WHAT IS NEEDED:
Would you print the data below exactly, leaving out every picture?

DATA:

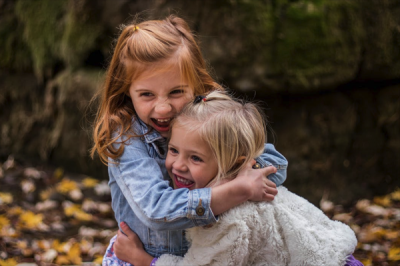 ​爸爸带娃发朋友圈的精美句子（爸爸带娃搞笑说说 这样的遛娃方式太个性）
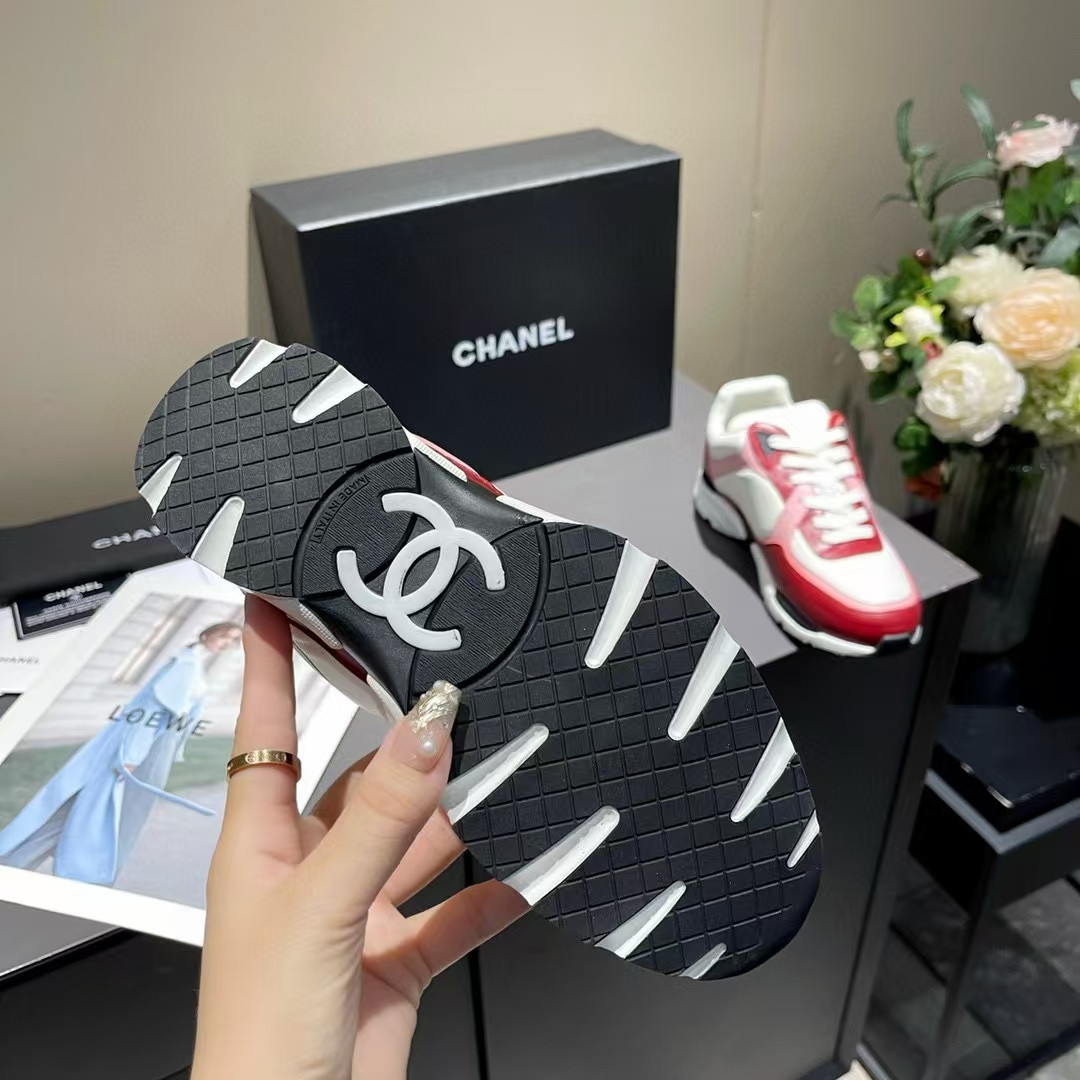 UA Ch**el SNEAKERS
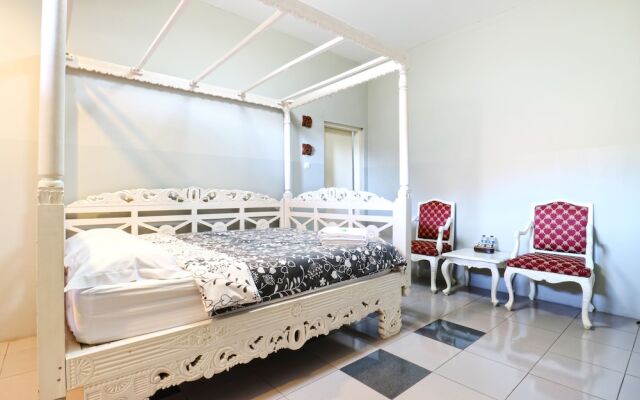 Rose Chamber Bed & Breakfast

SOLUTION:
 ​爸爸带娃发朋友圈的精美句子（爸爸带娃搞笑说说 这样的遛娃方式太个性）
 UA Ch**el SNEAKERS
 Rose Chamber Bed & Breakfast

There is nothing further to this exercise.